Ähnlich stattliche Wachstumsraten waren auch im vergangenen Jahrhundert nichts Besonderes, zumindest bis 1980. Von 2003, dem ersten Amtsjahr von Präsident Luiz Inácio Lula da Silva, bis 2008 erlebte ganz Südamerika einen regelrechten Rohstoffboom. Brasiliens Regierung verfolgte ein konservative Finanzpolitik, aber diversifizierte bei den Handelspartnern und verringerte dadurch die Abhängigkeit von Europa und den USA. In der Weltwirtschaftskrise zahlte sich das aus, und Lulas Wirtschaftsteam milderte deren Auswirkungen zusätzlich durch eine antizyklische Ausgabenpolitik ab. Und die Armen haben mehr denn je am Boom partizipiert: Zwischen 2003 und 2008 sind fast 20 Millionen BrasilianerInnen in die untere Mittelschicht aufgestiegen. Maßgeblich dabei war die konstante Erhöhung des Mindestlohns. Unter Lula stieg er real um 54 Prozent.

Populärer Präsident

Über das Sozialprogramm Bolsa Família (Familienstipendium), das monatliche Zuschüsse von umgerechnet 10 bis 91 Euro pro Haushalt gewährt, wird die Kaufkraft von über 12 Millionen armen Familien gestärkt.

"Vier von fünf Familien haben angegeben, dass sich ihre finanzielle Lage verbessert hat", kommentierte Márcio Pochmann, der Leiter des staatlichen Wirtschaftsforschungsinstituts Ipea, die jüngste Studie aus seinem Hause. Kein Wunder, dass sich die Popularitätswerte von Präsident Lula ebenfalls um die 80-Prozent-Marke bewegen. Und seine Wunschnachfolgerin Dilma Rousseff steuert auch deswegen einem ungefährdeten Wahlsieg entgegen - anders als Lula 2002 und 2006 könnte sie sogar im ersten Wahlgang die absolute Mehrheit schaffen.

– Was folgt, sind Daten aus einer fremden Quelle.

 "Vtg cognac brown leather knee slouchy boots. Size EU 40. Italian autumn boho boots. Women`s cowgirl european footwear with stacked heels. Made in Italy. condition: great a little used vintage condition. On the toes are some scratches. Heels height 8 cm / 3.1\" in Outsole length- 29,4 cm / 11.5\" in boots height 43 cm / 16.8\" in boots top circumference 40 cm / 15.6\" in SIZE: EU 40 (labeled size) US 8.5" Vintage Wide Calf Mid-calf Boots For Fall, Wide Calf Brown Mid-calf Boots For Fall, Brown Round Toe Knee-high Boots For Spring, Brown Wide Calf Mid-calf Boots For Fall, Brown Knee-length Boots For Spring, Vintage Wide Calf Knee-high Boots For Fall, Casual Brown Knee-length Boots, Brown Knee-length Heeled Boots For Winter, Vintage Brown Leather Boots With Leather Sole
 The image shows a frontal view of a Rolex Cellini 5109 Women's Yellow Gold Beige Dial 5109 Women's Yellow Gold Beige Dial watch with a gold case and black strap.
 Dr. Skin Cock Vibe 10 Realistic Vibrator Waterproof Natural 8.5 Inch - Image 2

Die umweltpolitischen Auswirkungen der Wachstumskurses sind im Wahlkampf noch weniger Thema als sonst. Selbst die grüne Kandidatin Marina Silva will im Kern Lulas Wirtschafts- und Sozialpolitik fortsetzen, mit Konsumkritik würde sie nur auf Unverständnis stoßen.

Die Mittelschicht fliegt mehr denn je, in den Duty-Free-Shops der Flughäfen bilden sich lange Schlangen. Auf den beliebtesten Inlandsrouten wetteifern die Fluglinien mit Sonderangeboten. Doch wegen des starken Reals seien Pauschalreisen ins Ausland derzeit der absolute Renner, berichtet Susana Hubert vom Reisebüro TSA in Porto Alegre und schätzt: "Seit fünf Jahren steigt unser Umsatz pro Jahr um gut 20 Prozent".

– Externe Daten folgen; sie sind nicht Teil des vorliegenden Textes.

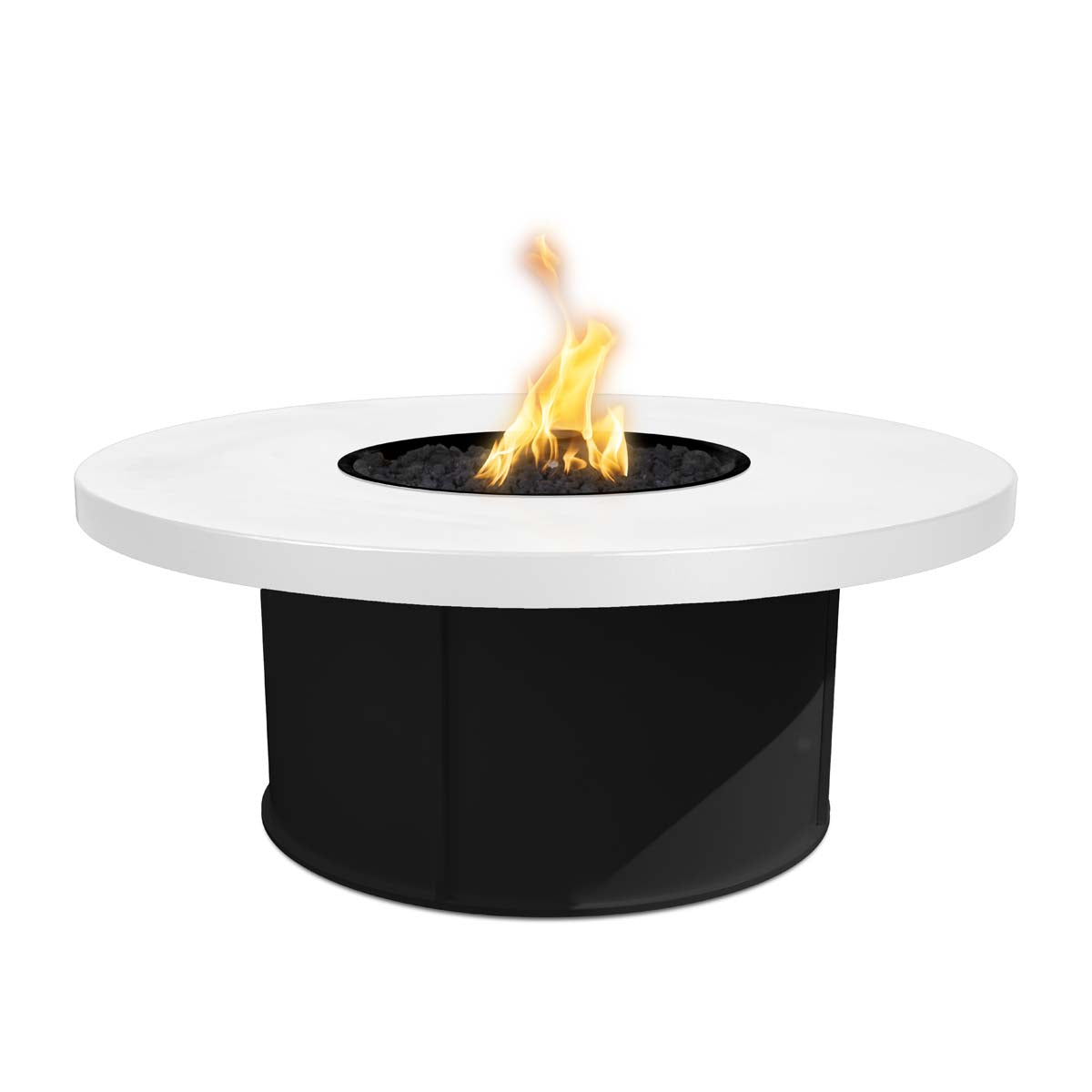 Mabel 48 inch round Black and White gas fire table by The Outdoor Plus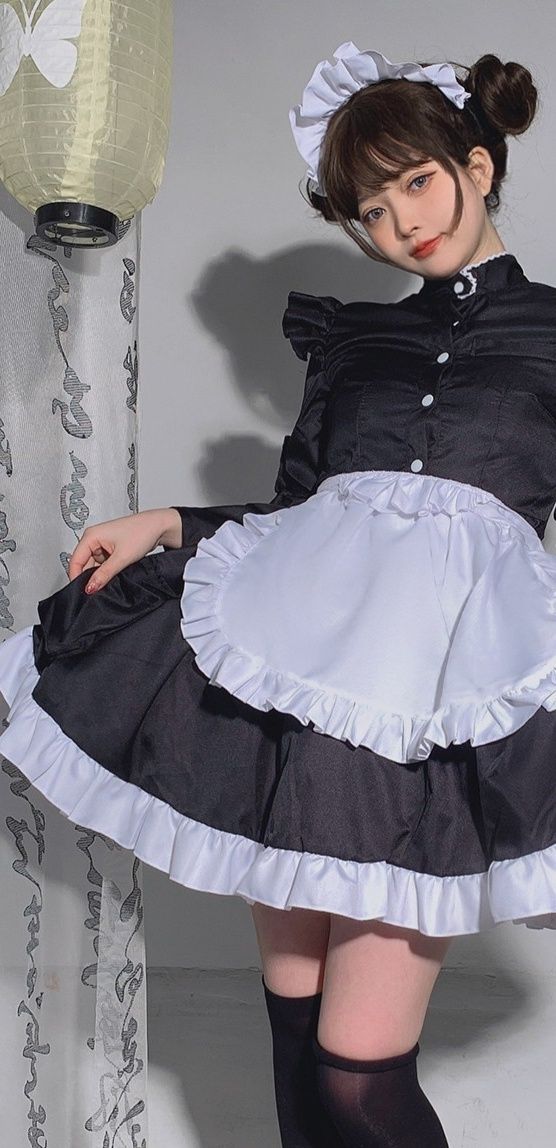 メイド服 フリル装飾ロングスリーブメイドワンピース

Für das diesjährige Weihnachtsgeschäft sagen Wirtschaftsforscher bereits einen neuen Rekord voraus: Dank des 13. Monatsgehalts und günstigerer Darlehen sollen bis Jahresende noch einmal umgerechnet 60 Milliarden Euro in die Volkswirtschaft gepumpt werden, über 12 Prozent mehr als im Vorjahr. Der Löwenanteil gehe auf das 13. Monatsgehalt zurück, heißt es in der Ipea-Studie, der durchschnittliche Reallohn sei in diesem Jahr um knapp 5 Prozent gestiegen, die Anzahl der "formalen" Arbeitsplätze um 4,5 Prozent. Seit 2003 wurden über 14 Millionen neue Arbeitsplätze geschaffen, die meisten davon im Dienstleistungssektor.

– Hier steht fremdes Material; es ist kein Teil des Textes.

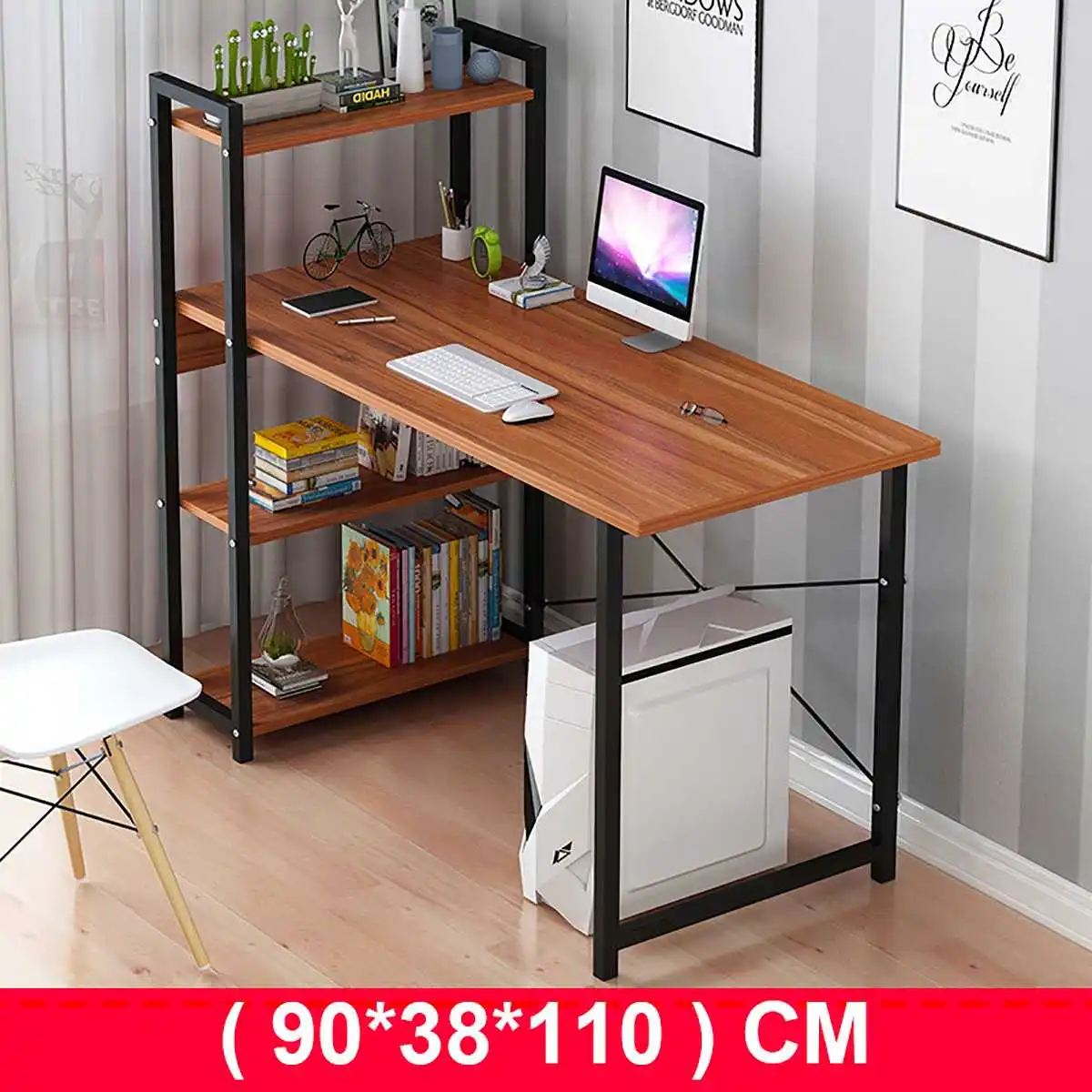 

Computer Laptop Desk with Shelves Simple Modern Single Bedroom Simple Office Desk with 4 Tiers Bookshelf Combination for Home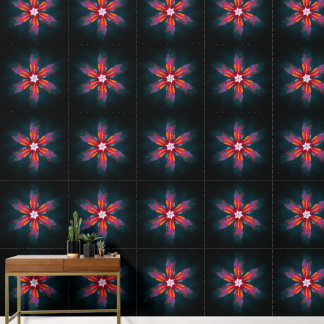 Papel Pintado Floral Mandala Flores Naranja Azul Rojo Resumen
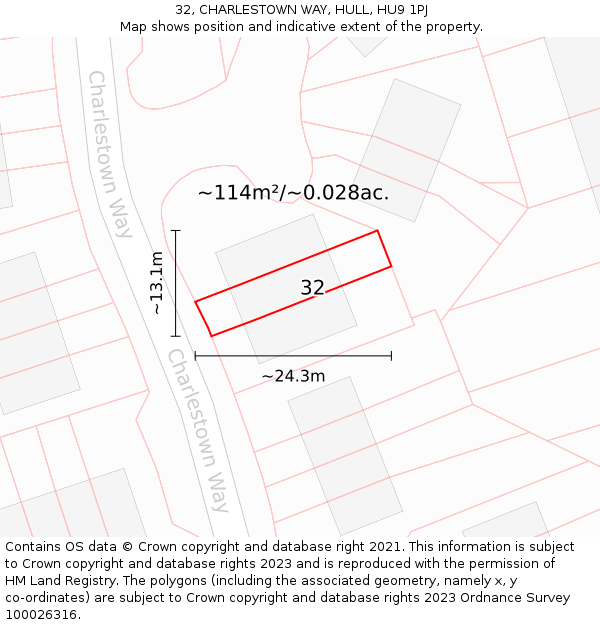 32, CHARLESTOWN WAY, HULL, HU9 1PJ: Plot and title map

Im Shopping Total, mit seinen knapp 500 Läden einer der zahlreichen Konsumtempel von Porto Alegre, sieht es schon jetzt aus wie vor Weihnachten. An den Wochenenden platzt der riesige Parkplatz aus allen Nähten, Tausende drängen sich voll bepackt in den Computershops und Kleiderboutiquen. "So etwas habe ich noch nie erlebt", sagt die langjährige Verkäuferin Francisca Freitas. Und der Kaufrausch geht weiter: In einem Nachbarviertel ist bereits ein neues Einkaufszentrum in Planung.